Exactly as written, output each of the lines below, with no images.

> **Recorded information**
========================================================================
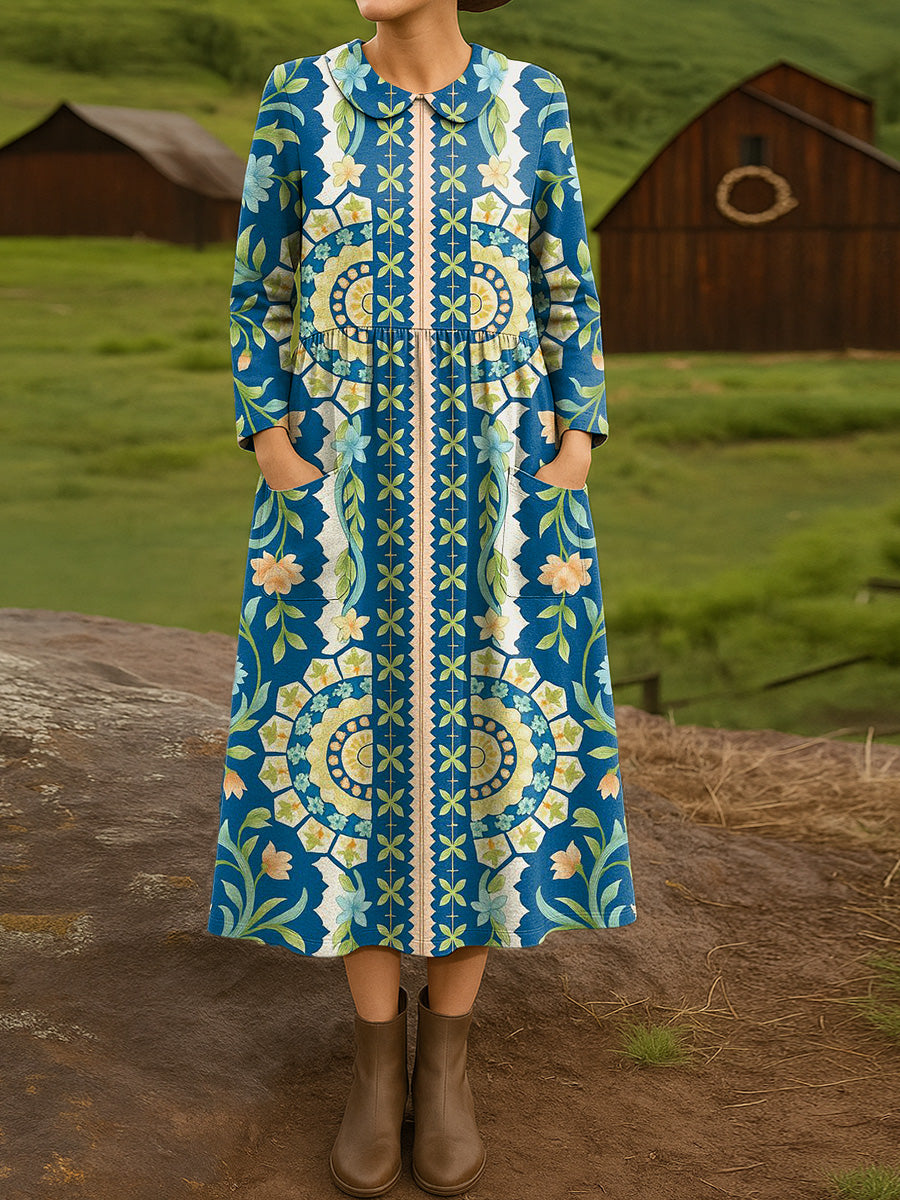 Women's Beautiful Vintage Ethnic Geometric Art Print Cotton Lapel Button-Down Shirt Dress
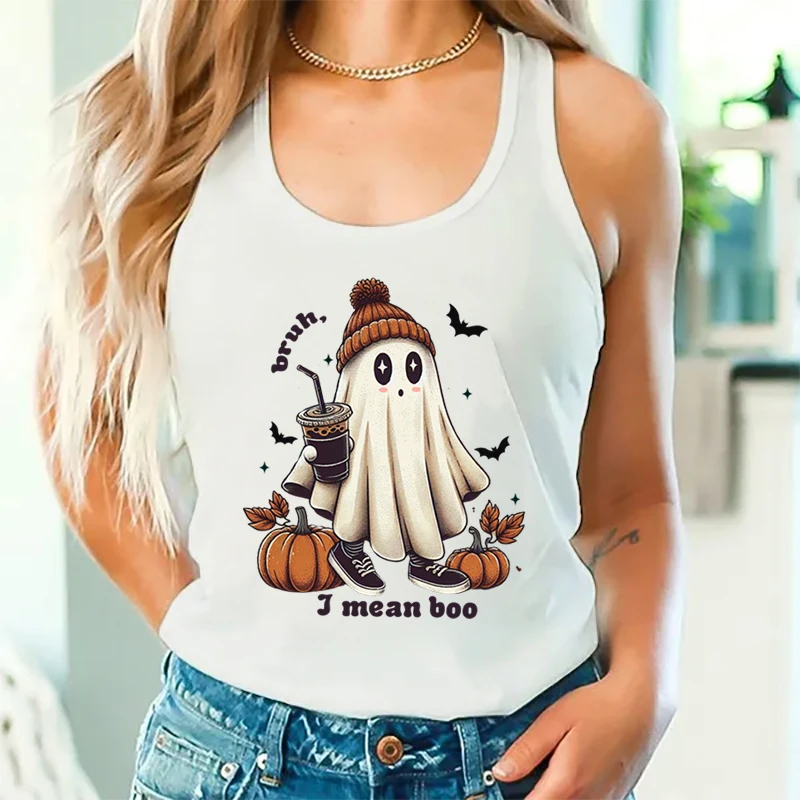 Bruh I Mean Boo Graphic Tanks Women Vintage Ghost Coffee Lover Racerback Tank Top Halloween Pumpkin Ghost Drinking Coffee Tops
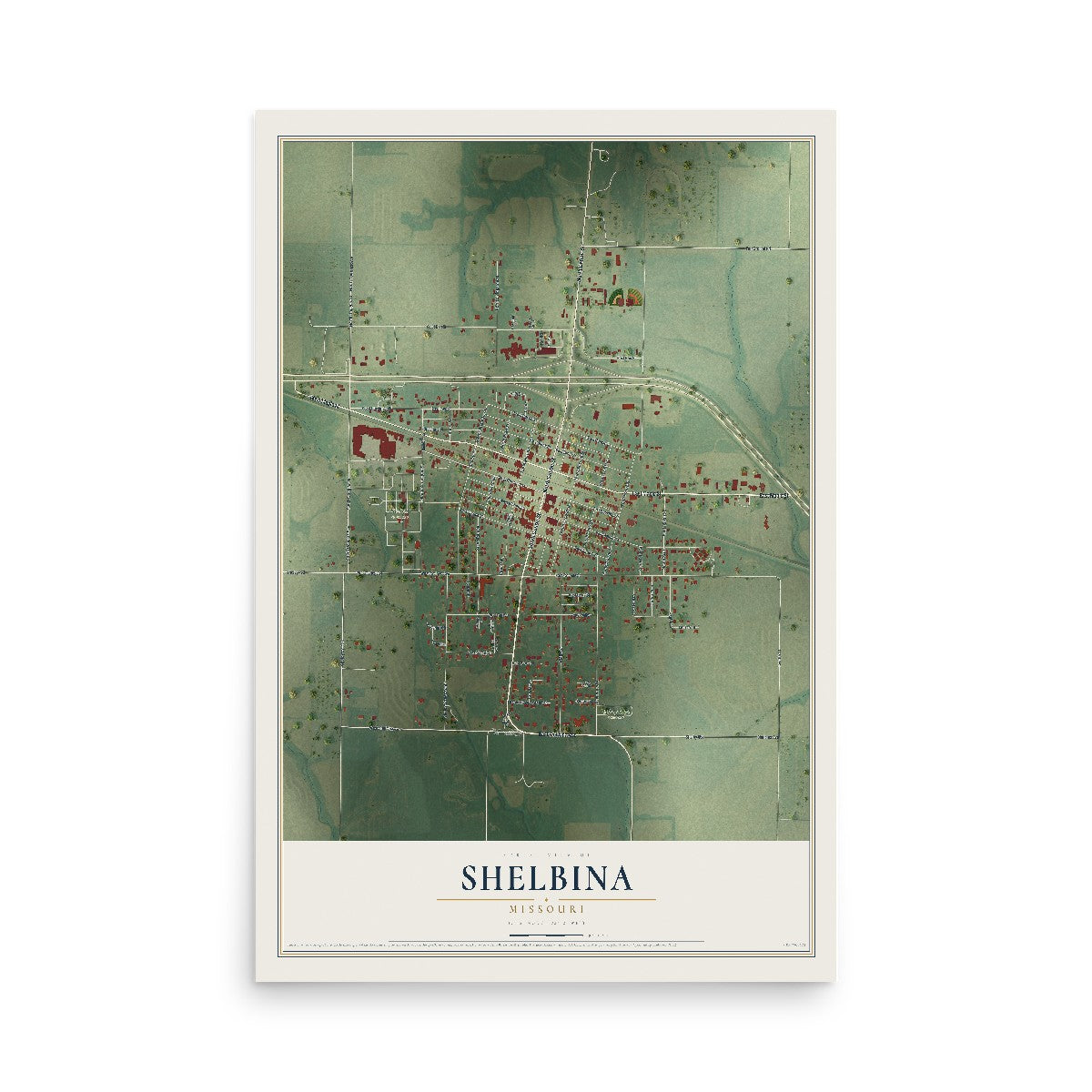 Map of Shelbina, Missouri, 12 x 18 inch unframed archival matte print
========================================================================
> **Task answer**
 Women's Beautiful Vintage Ethnic Geometric Art Print Cotton Lapel Button-Down Shirt Dress
 Bruh I Mean Boo Graphic Tanks Women Vintage Ghost Coffee Lover Racerback Tank Top Halloween Pumpkin Ghost Drinking Coffee Tops
 Map of Shelbina, Missouri, 12 x 18 inch unframed archival matte print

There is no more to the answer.